Важнее всего была информация. Заключенные на административных постах могли получать сведения о лагерях-сателлитах Освенцима, о перемещениях арестантов, отсевах и массовых казнях. Теперь они хотели, чтобы Фриц им помог наладить связи с другим ее важным источником: гражданскими рабочими. Для этого его собирались перевести на одну из фабрик комбината Буна. Он уже доказал, что умеет заводить дружбу с вольнонаемными, а на комбинате их работало много тысяч. Ему нашли место в Шлоссенкоманде-90 – слесарном подразделении команды строителей.
И вот как-то утром, впервые с момента прибытия в Моновиц, Фриц вышел за периметр лагеря, вместе с другими рабочими в сопровождении охранников миновал ворота и по главной дороге двинулся к комбинату Буна.
Только оказавшись на территории, он осознал, насколько тот огромный. Весь комплекс представлял собой сеть из улиц и железнодорожных путей. Стоя на главной дороге, идущей с востока на запад, с трудом можно было разглядеть другой конец комбината, таявший вдали, на расстоянии почти трех километров. Поперечные улицы, проложенные с севера на юг, в длину достигали километра. Прямоугольные участки между ними занимали фабричные здания, печи, мастерские, склады, цистерны с нефтью и химикатами и странные переплетения труб, напоминающие американские горки.
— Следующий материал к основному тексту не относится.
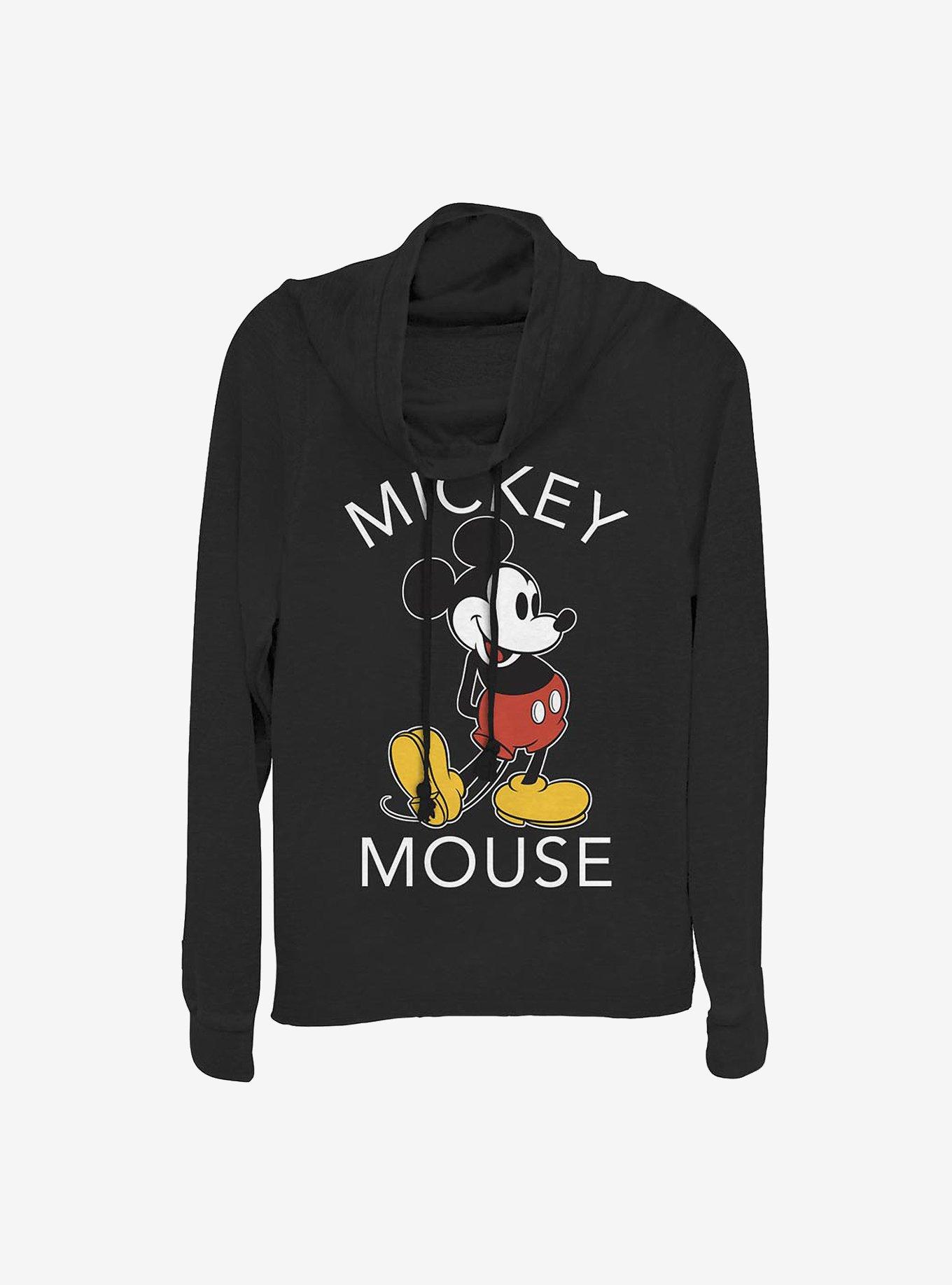 Disney Mickey Mouse Mickey Classic Cowlneck Long-Sleeve Girls Top, BLACK, hi-res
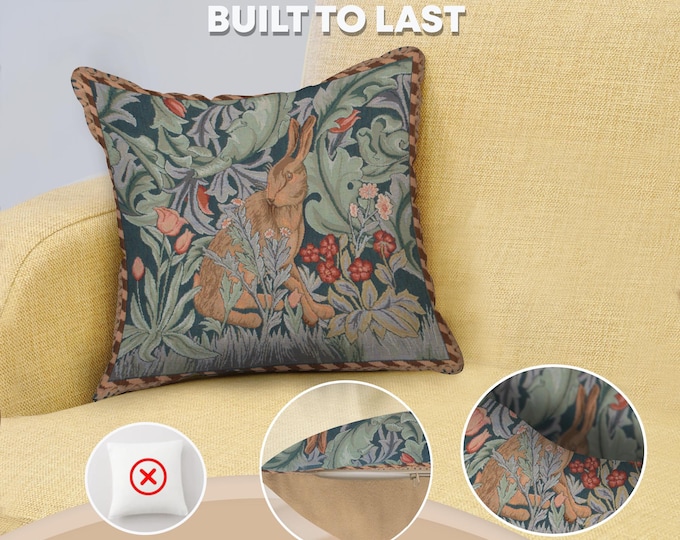 William Morris Rabbit Tapestry Cushion Cover: Jacquard Woven Cotton Pillow (14x14 inch)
Комплекс был поделен на секции: завод синтетических масел с относящимися к нему мастерскими, резиновая фабрика Буна, электростанция и мелкие производства, выпускающие и обрабатывающие химикаты. Большинство корпусов еще не работало – они были построены, но не отделаны изнутри.
Тысячи мужчин и женщин трудились на комбинате. Около трети составляли заключенные, остальное – гражданские лица. Слесарное подразделение – занимавшееся, по сути, всеми видами металлообработки в мастерских и на фабриках – состояло из дружелюбных, приятных людей. Большинство надзирателей обращались с заключенными мягко и напоминали работать «с оглядкой», то есть не спеша, но всегда отмечая, где находится охрана. Надзиратель, к которому попал Фриц, оказался политическим, бывшим узником Дахау – именно он помог членам Сопротивления получить для него назначение.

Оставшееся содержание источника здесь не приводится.